TASK DESCRIPTION: Would you print the records below word for word, without the pictures?
- - - - -
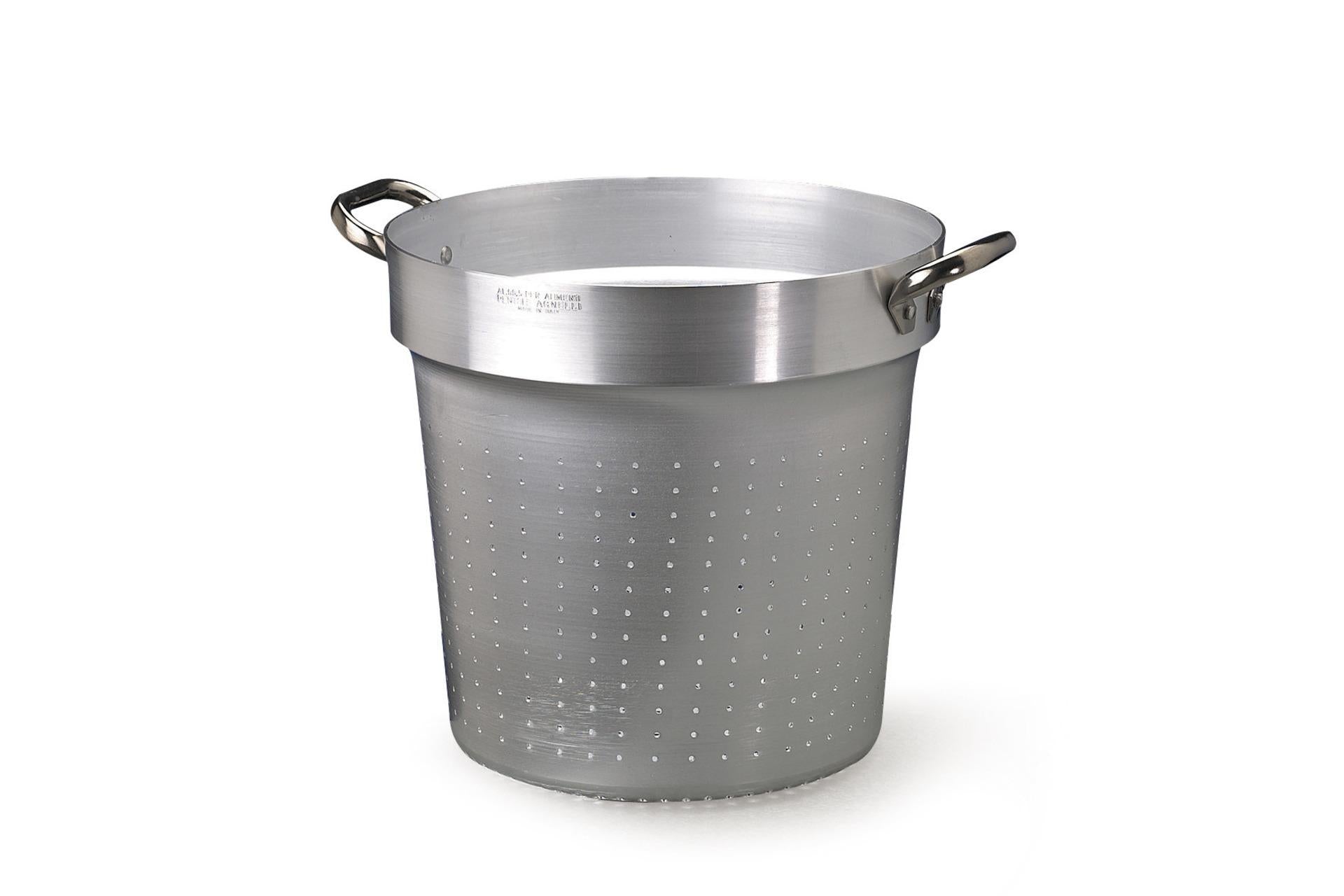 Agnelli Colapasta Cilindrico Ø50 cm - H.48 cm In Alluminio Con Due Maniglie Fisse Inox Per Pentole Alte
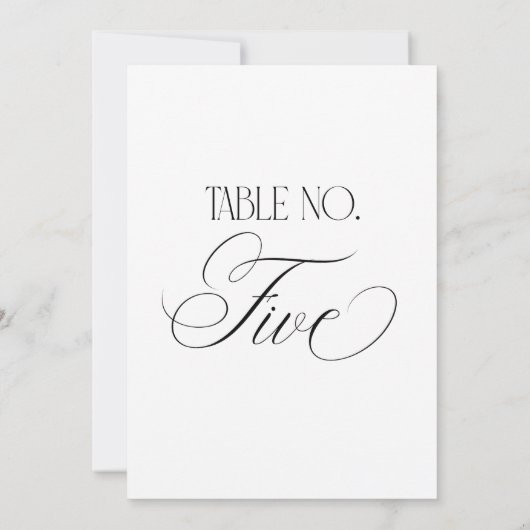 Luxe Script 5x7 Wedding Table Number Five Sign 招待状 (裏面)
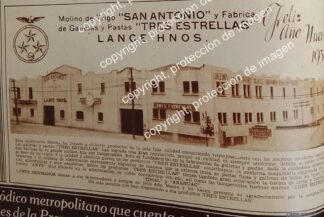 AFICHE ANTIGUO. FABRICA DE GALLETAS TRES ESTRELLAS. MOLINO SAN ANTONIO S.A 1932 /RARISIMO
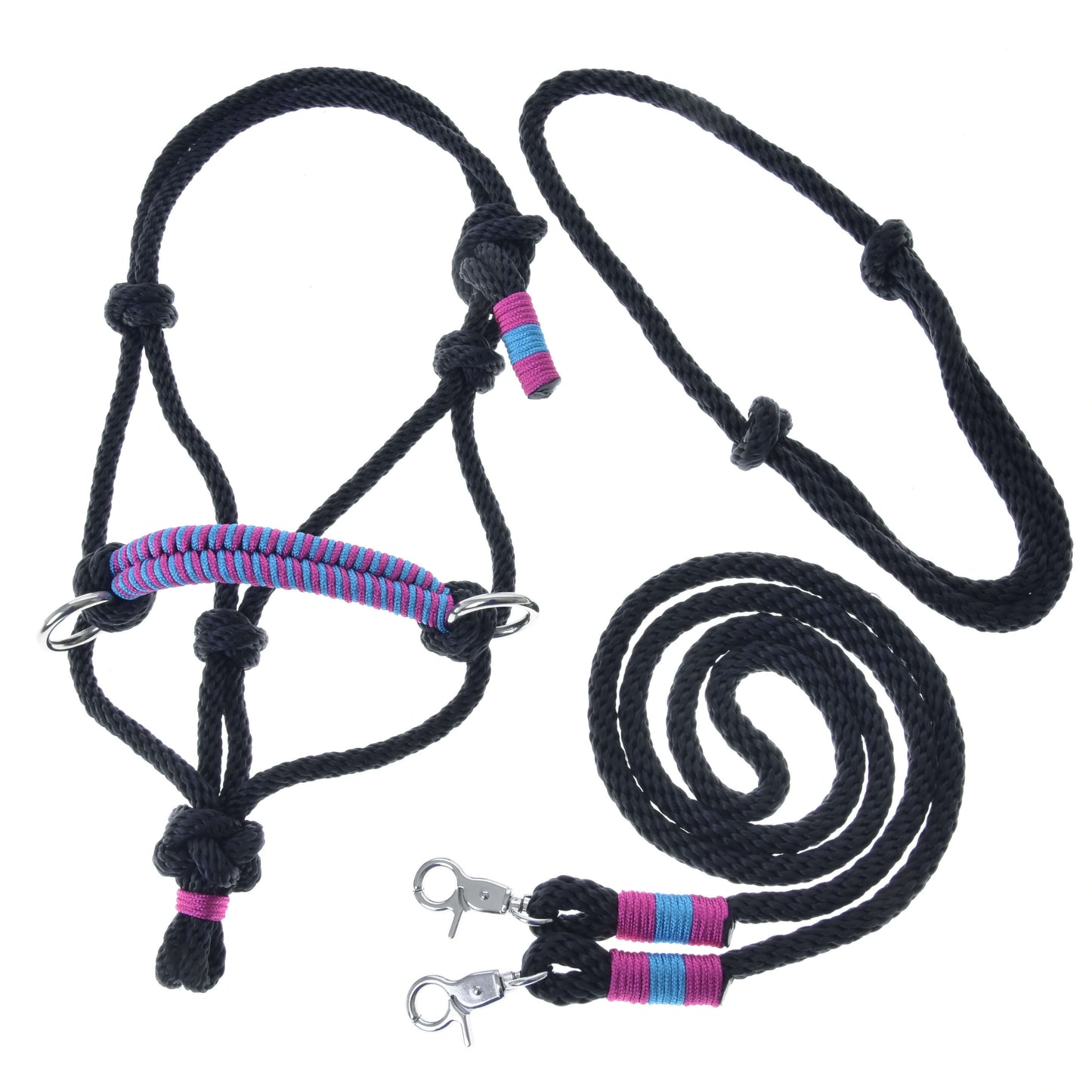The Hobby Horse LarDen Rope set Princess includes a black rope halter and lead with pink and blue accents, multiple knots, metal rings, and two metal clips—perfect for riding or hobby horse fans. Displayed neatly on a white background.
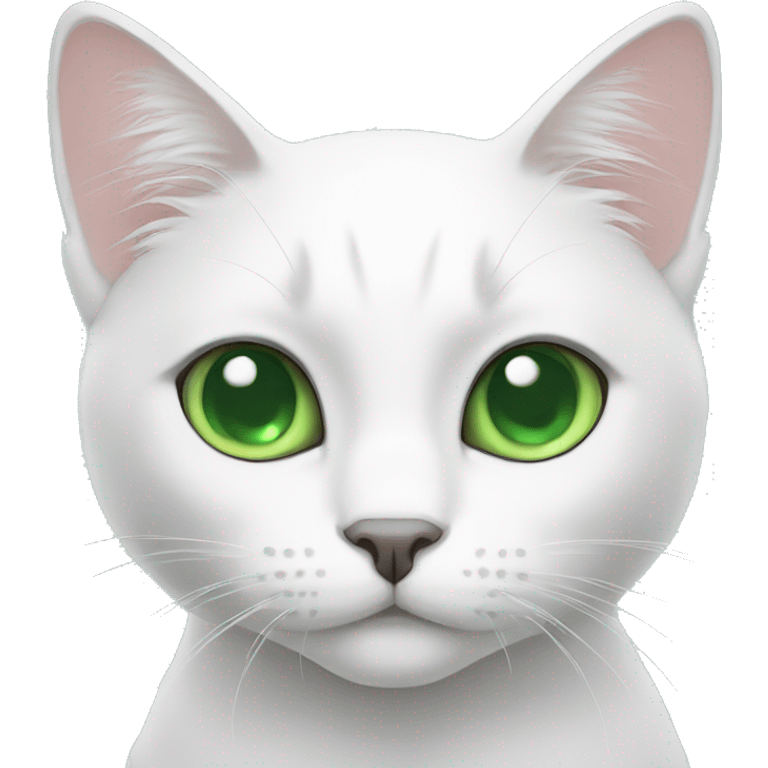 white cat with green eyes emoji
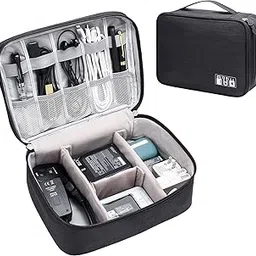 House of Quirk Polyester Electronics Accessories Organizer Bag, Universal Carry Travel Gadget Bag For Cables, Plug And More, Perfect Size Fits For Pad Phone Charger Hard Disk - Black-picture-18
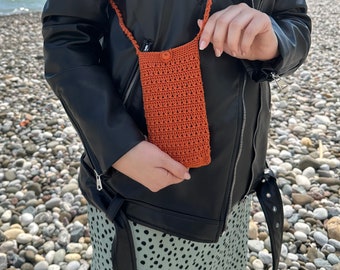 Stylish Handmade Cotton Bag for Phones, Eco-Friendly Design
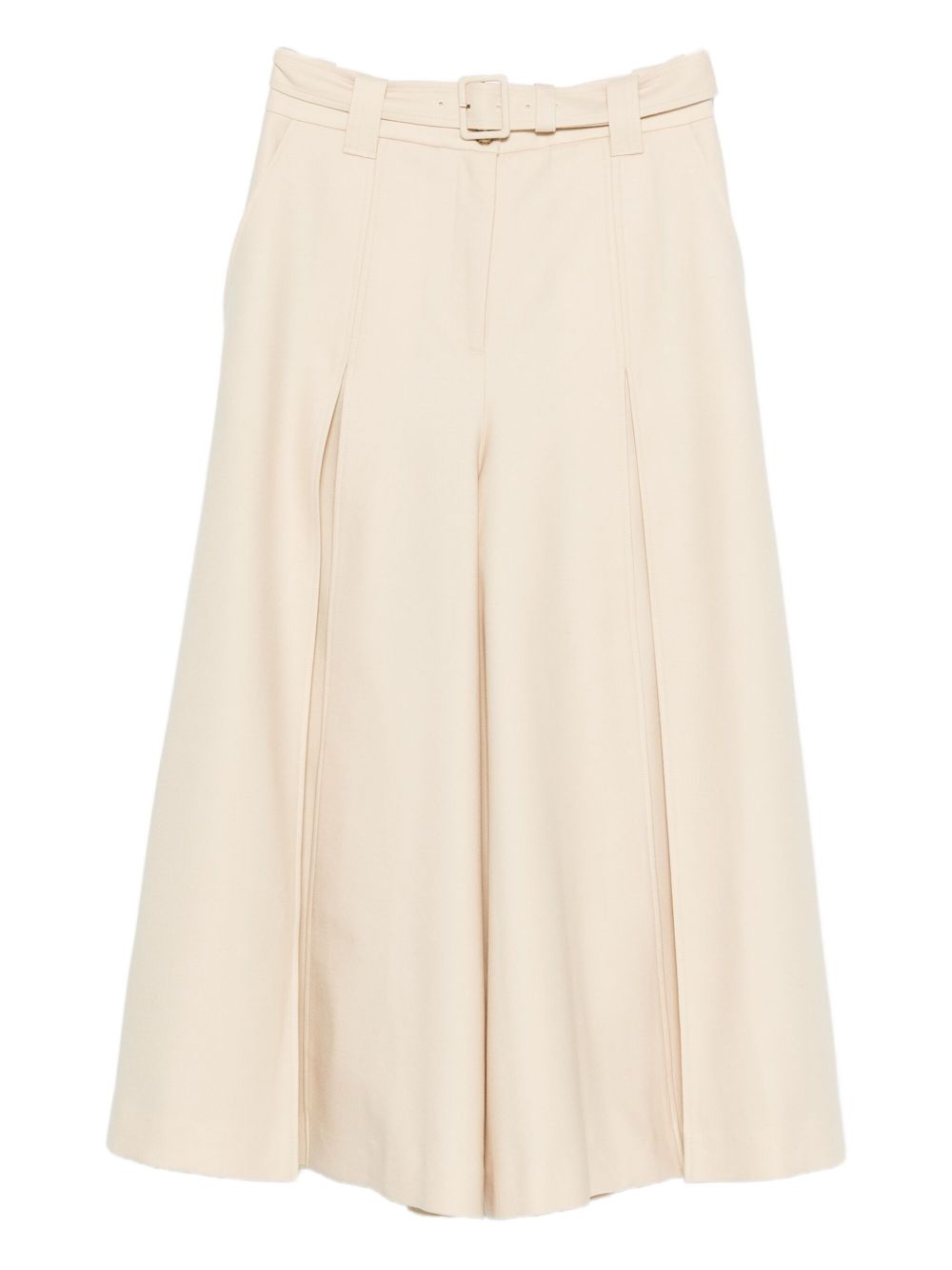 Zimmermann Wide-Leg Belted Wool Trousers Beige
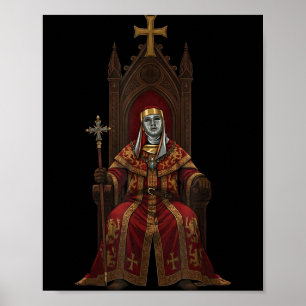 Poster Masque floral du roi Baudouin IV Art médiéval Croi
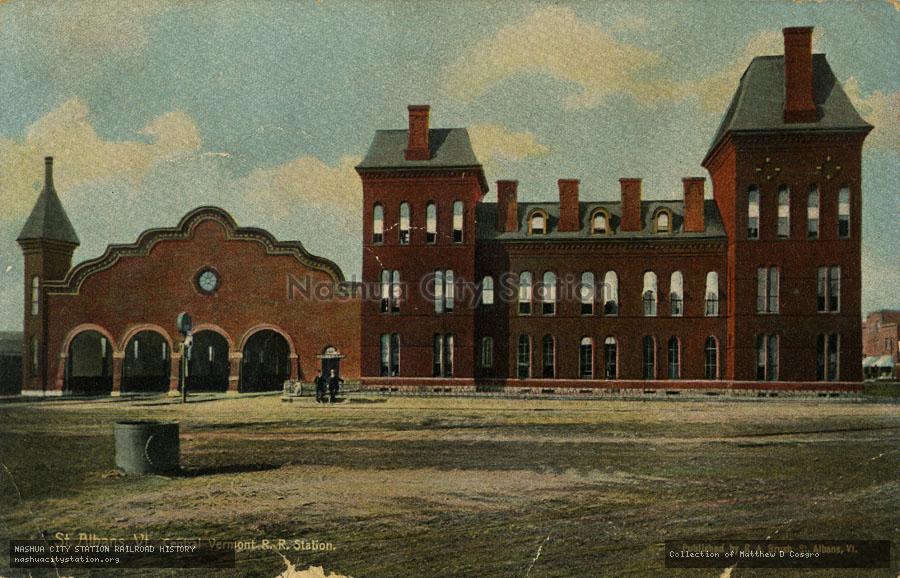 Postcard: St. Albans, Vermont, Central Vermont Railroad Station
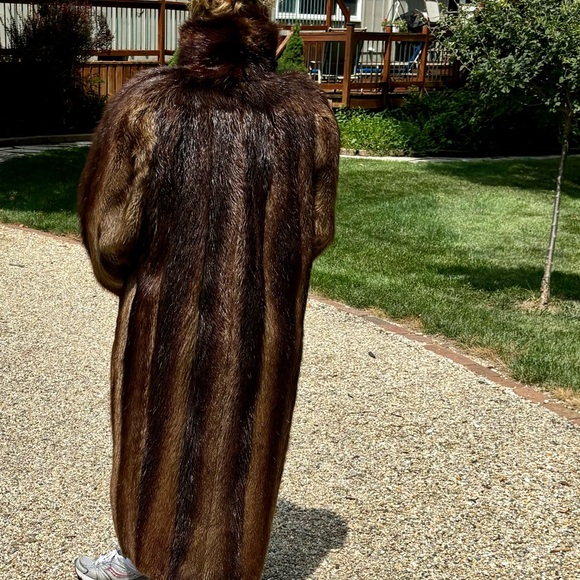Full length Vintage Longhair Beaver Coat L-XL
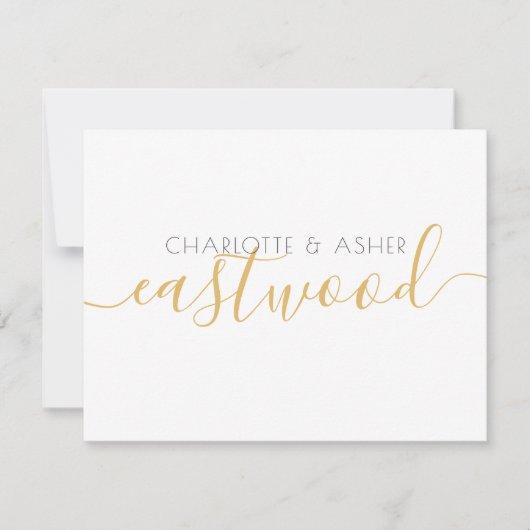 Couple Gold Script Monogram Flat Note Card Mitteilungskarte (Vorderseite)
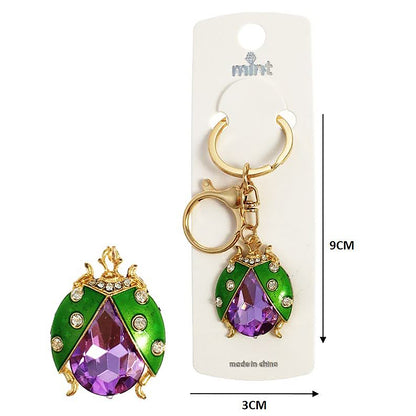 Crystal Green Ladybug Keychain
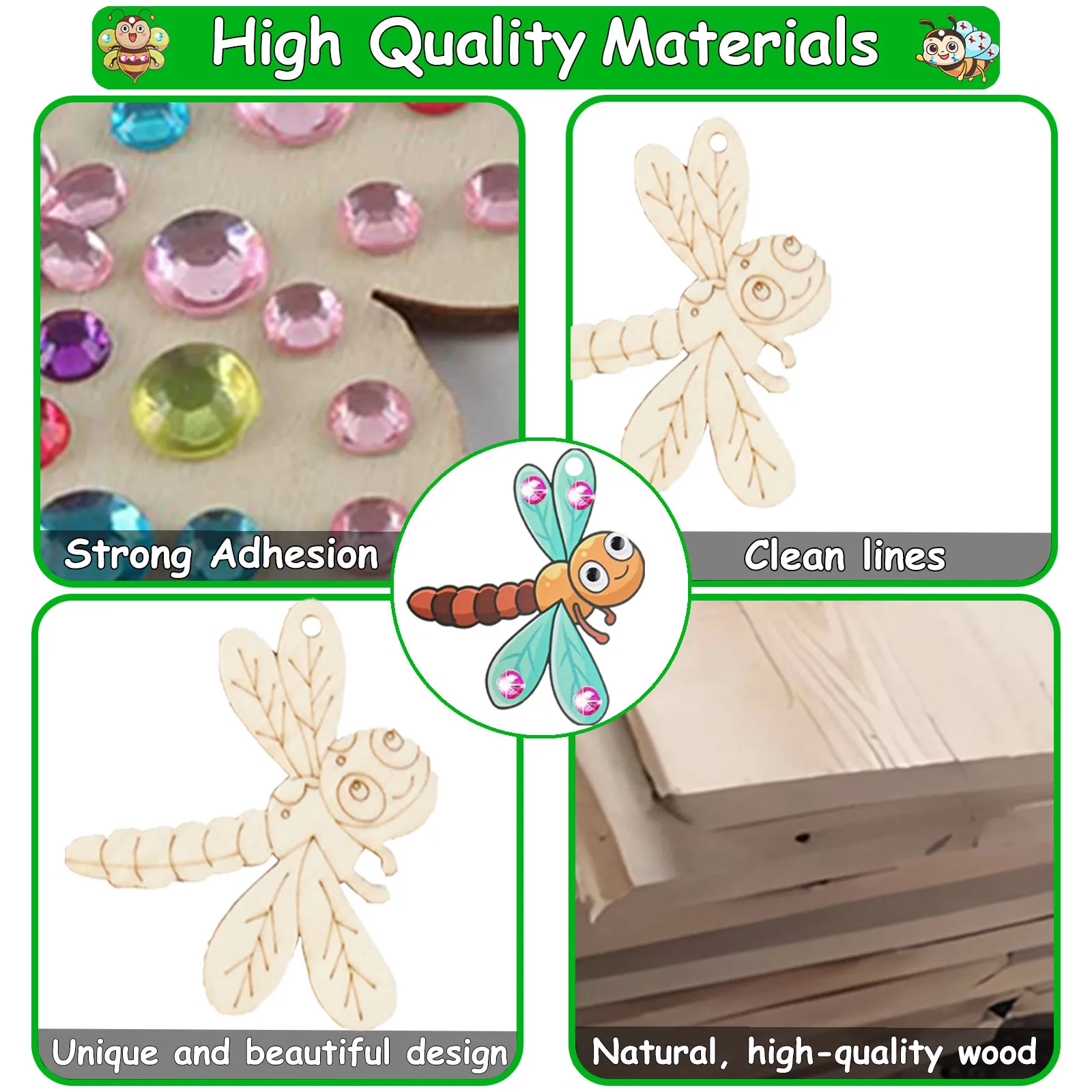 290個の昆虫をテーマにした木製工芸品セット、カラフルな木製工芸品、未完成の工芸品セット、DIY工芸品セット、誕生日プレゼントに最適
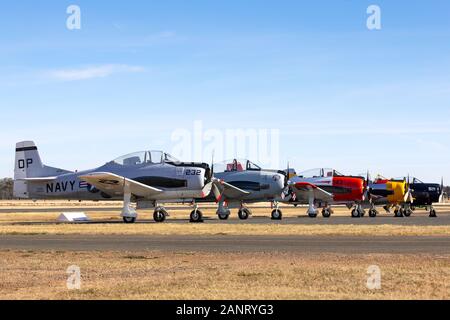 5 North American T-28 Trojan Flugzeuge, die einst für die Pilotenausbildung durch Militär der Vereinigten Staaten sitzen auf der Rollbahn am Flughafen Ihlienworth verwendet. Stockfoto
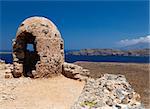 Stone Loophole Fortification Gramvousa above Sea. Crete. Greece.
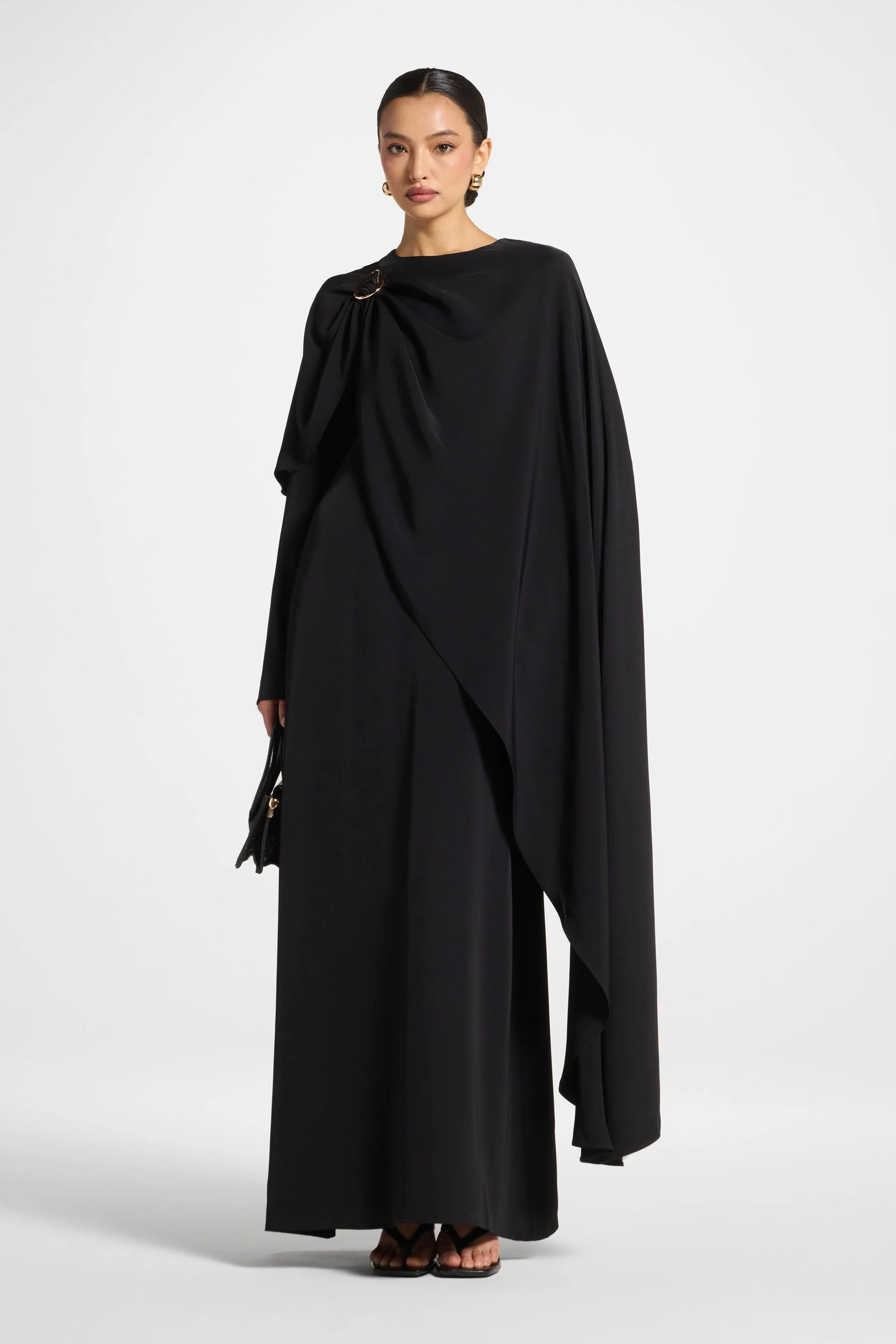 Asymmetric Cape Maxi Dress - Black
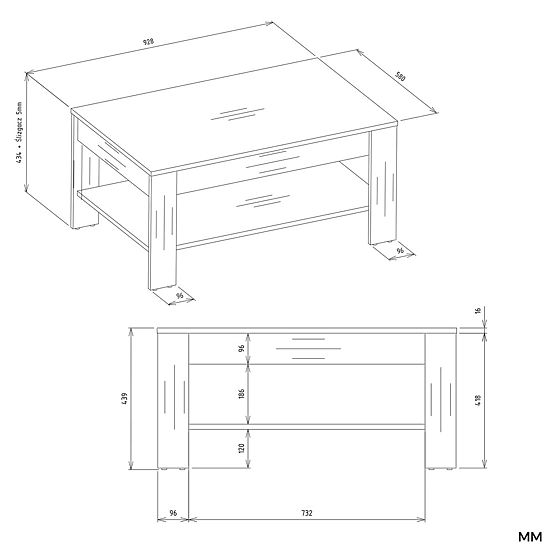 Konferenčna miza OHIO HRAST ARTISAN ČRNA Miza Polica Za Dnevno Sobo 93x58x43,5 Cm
- - - - -
WRITTEN SOLUTION:
 Agnelli Colapasta Cilindrico Ø50 cm - H.48 cm In Alluminio Con Due Maniglie Fisse Inox Per Pentole Alte
 Luxe Script 5x7 Wedding Table Number Five Sign 招待状 (裏面)
 AFICHE ANTIGUO. FABRICA DE GALLETAS TRES ESTRELLAS. MOLINO SAN ANTONIO S.A 1932 /RARISIMO
The Hobby Horse LarDen Rope set Princess includes a black rope halter and lead with pink and blue accents, multiple knots, metal rings, and two metal clips—perfect for riding or hobby horse fans. Displayed neatly on a white background.
 white cat with green eyes emoji
 House of Quirk Polyester Electronics Accessories Organizer Bag, Universal Carry Travel Gadget Bag For Cables, Plug And More, Perfect Size Fits For Pad Phone Charger Hard Disk - Black-picture-18
 Stylish Handmade Cotton Bag for Phones, Eco-Friendly Design
 Zimmermann Wide-Leg Belted Wool Trousers Beige
 Poster Masque floral du roi Baudouin IV Art médiéval Croi
 Postcard: St. Albans, Vermont, Central Vermont Railroad Station
Full length Vintage Longhair Beaver Coat L-XL
 Couple Gold Script Monogram Flat Note Card Mitteilungskarte (Vorderseite)
 Crystal Green Ladybug Keychain
 290個の昆虫をテーマにした木製工芸品セット、カラフルな木製工芸品、未完成の工芸品セット、DIY工芸品セット、誕生日プレゼントに最適
 5 North American T-28 Trojan Flugzeuge, die einst für die Pilotenausbildung durch Militär der Vereinigten Staaten sitzen auf der Rollbahn am Flughafen Ihlienworth verwendet. Stockfoto
 Stone Loophole Fortification Gramvousa above Sea. Crete. Greece.
 Asymmetric Cape Maxi Dress - Black
 Konferenčna miza OHIO HRAST ARTISAN ČRNA Miza Polica Za Dnevno Sobo 93x58x43,5 Cm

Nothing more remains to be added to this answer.